Monday, 20 December 2010

2010

These are the things that made my year. They’re in no particular order, but each one of these took up a significant amount of time.

1. Dragon Age: Origins. Bioware’s game was released last year. But I spent several hours – at my last estimate around a thousand hours, playing the game and all its add-ons – Warden’s Keep, The Stone Prisoner, Awakening, The Darkspawn Chronicles, Lelianna’s Song, The Golems of Angmarrak and Witch Hunt.  I was expecting something on the scale of Baldur’s Gate. But it was nothing like BG and not as good as I hoped it would – which did not prevent it from being quite good. High points were the Tower of Ishal, the Mountaintop, the Dead Trenches, especially the Broodmother battle and the Climax – especially the run up to the climax, through the Market District and the Alienage, via the Palace Grounds with a detour at the city gates and the battle in front of Fort Drakon.

Best Moments: Watching your warden evade a lunge by the Flemeth, and leap on its head, hanging on with his knees around its neck and saw through the dragon’s throat , pulling her down  and land the final blow in slow motion. Made all the more awesome if your warden is on fire and all your companions are dead.

Taking Flemeth Down.

Letting your dog take down the Orange Hurlock Emissary in the Refugees quest. The dog knocks the bugger down, and starts chomping on his throat and when he manages to get up charges at him, knocking him down again. Very satisfying.

2. The Mahabaratha. I spent most of the middle months poring over the Mahabaratha, reacquainting myself with the old tales that I knew and reading stories I did not. It started when I came across Arjuna’s rage – and how the only time he had gone berserk was after hearing of his son’s death. This led me to the Abhimanyu Badha Parva, the turning point in the war where the pre-agreed rules of battle were discarded. And it makes Abhimanyu one scary badass. The whole tale – breaking into the chakra vyooha, cut off from his uncles by Jayadratha’s boon, alone and surrounded by enemies, taking down every one who battled him is the kind still provides a rush. A 16 year old kid scares the crap out of the largest army in the world. Its a fantasy, of course, like the climax of a Rajnikanth movie, but it still makes want to cheer.

Best Moment: Attacked from behind, his bowstrings destroyed, his charioteer killed, his standard broken, his shields shattered, the boy jumps down and picks up a chariot wheel.

3.Morrison’s Batman Storyline: Wasn’t very impressed with the Final Crisis storyline. My mind rebelled against the idea of Damian Wayne. I was quite unhappy with the idea of Jezebel Jett, but given her name, I was quite sure she would turn out to be one of the bad ones. But after I started reading Rikdad’s summaries, I got drawn in and before I knew it, I had become a Morrison fan.

Best Moments: Joker’s “Apophenia” speech. The Bat Radia and the Arkham lockdown. The Damien Batman story. Joker “Reiki to the rescue”.

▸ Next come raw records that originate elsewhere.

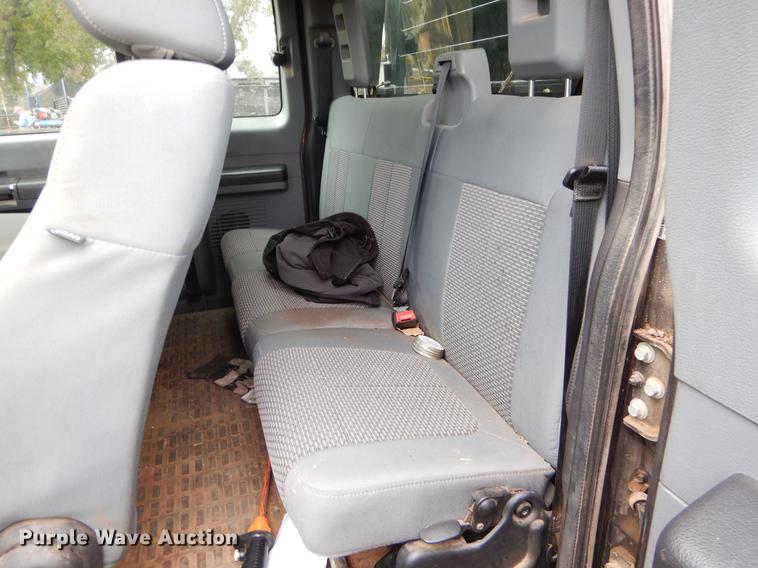 image for item EW9575 2015 Ford F350 Super Duty XL SuperCab bale bed pickup truck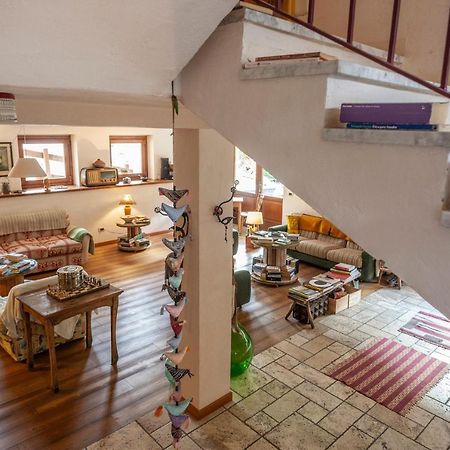 Maison Le Champ B&B Questa Casa Non E Un Albergo ลาซัลเล ภายนอก รูปภาพ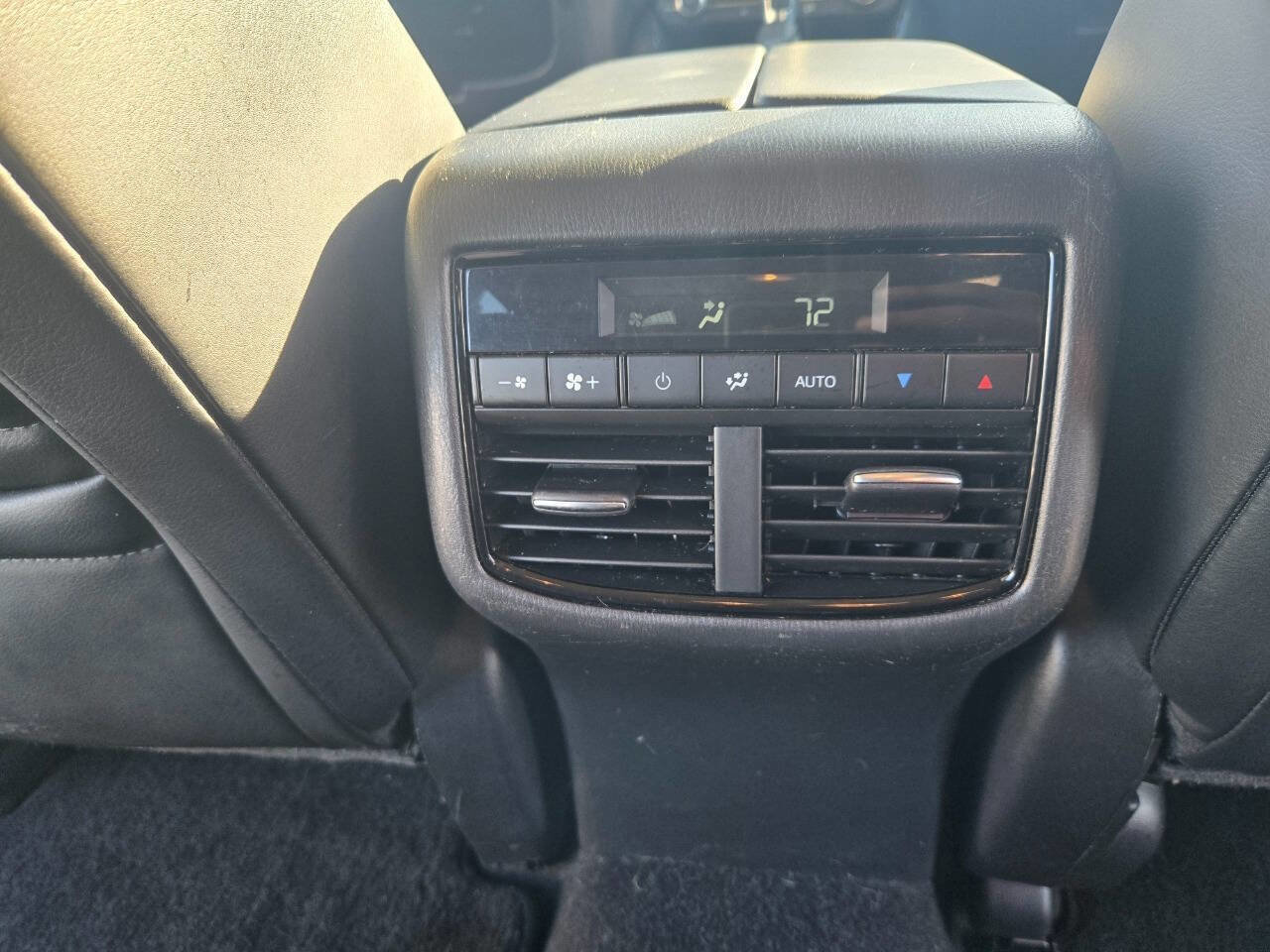 Used 2019 MAZDA CX-9 Touring w/ Touring Premium Package image 19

4. The Kingdom of Loathing: As many pop culture references as TV tropes. Including lobstrosities that bite your fingers off and say dad “a chick, dod a chok”, snow queen crowns that “makes you feel like the Queen of the World. For some reason, when you wear it you feel like hanging off the front of a ship, then freezing to death when your lover dumps your ass into ice-cold water.”, rolling stone monsters that try “to roll over you, but can't get no satisfaction” or “Its grotesque mouth puckers and it whistles. A couple of wild, wild horses gallop up and kick the stone so it rolls right over you” and many many others. Also, the weapons, the meat as money, sleaze and stench as elemental. Jick/Mr.Skullface rule.

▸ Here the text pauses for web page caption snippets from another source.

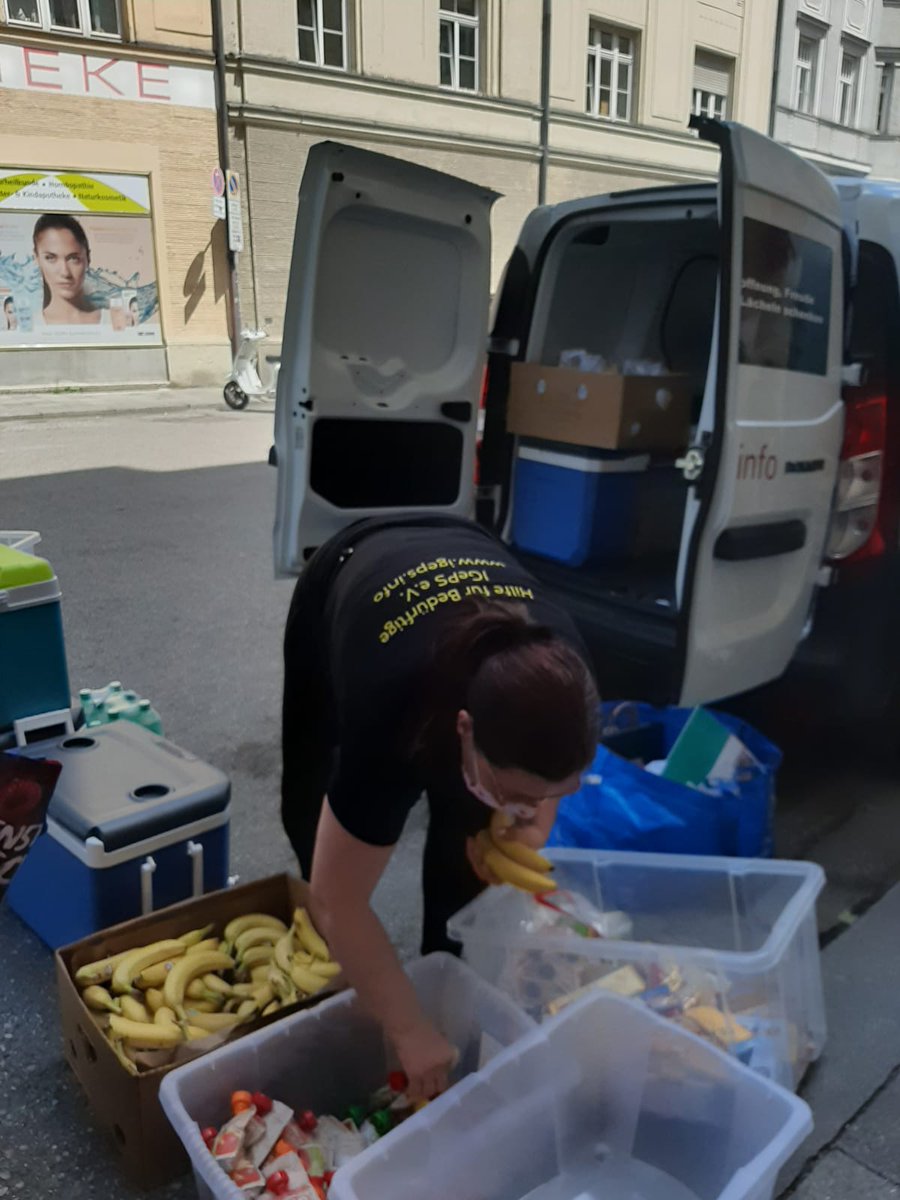 Igeps01's tweet photo. Und wie angekündigt waren wir heute zum 17. mit unserer #direkteStrassenhilfe unterwegs.
Und wieder war der Andrang extrem hoch. https://t.co/BaX6nlEVHw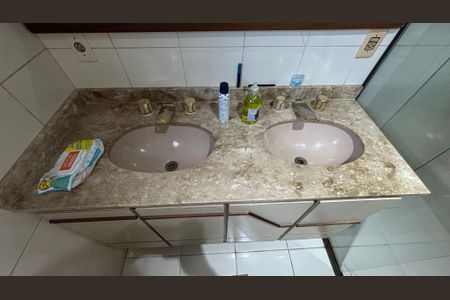 Apartamento à venda com 310m², 3 quartos e 3 vagasBanheiro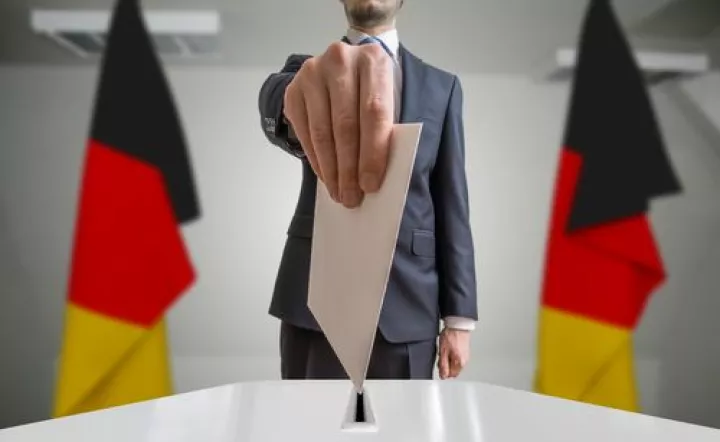 Γερμανία: Οι ψηφοφόροι επικροτούν το CDU, «τιμωρούν» τους φιλελεύθερους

To put it in their own words,

In the depths of your boredom, you stumble across an amazing game you can play on your work computer. It's an unbelievably detailed simulation of life in both dimensions and both colors, with every simple line of the universe rendered in the same lack of detail you see every day. Even better, the writing of the game is amazingly clever, almost as clever as the disembodied voice that describes everything you do and every item you examine. As you continue playing, you can tell that there's a robust set of mechanics underlying the whole thing, too, so it has endless replayability. But then it starts to get all up its own ass with self-referential fourth-wall-breaking, so you know you have to end it.

5. WoT: The Crossroads of Twilight – book 13 of the WoT was published in October. Since then I have read the book 3 times, updated my collection with “The Gathering Storm” (which I hadn’t bought), The Great Hunt, The Dragon Reborn and The Shadow Rising – which my niece took without remembering to return.

Thankfully the books I have have the Serpent/Wheel logo on them, and not those horrible scenes from the books.

I reread the series twice and started going to the old WoT websites – and the WoT Encyclopaedia is one of the sites that I look at when I have to wait without anything to do.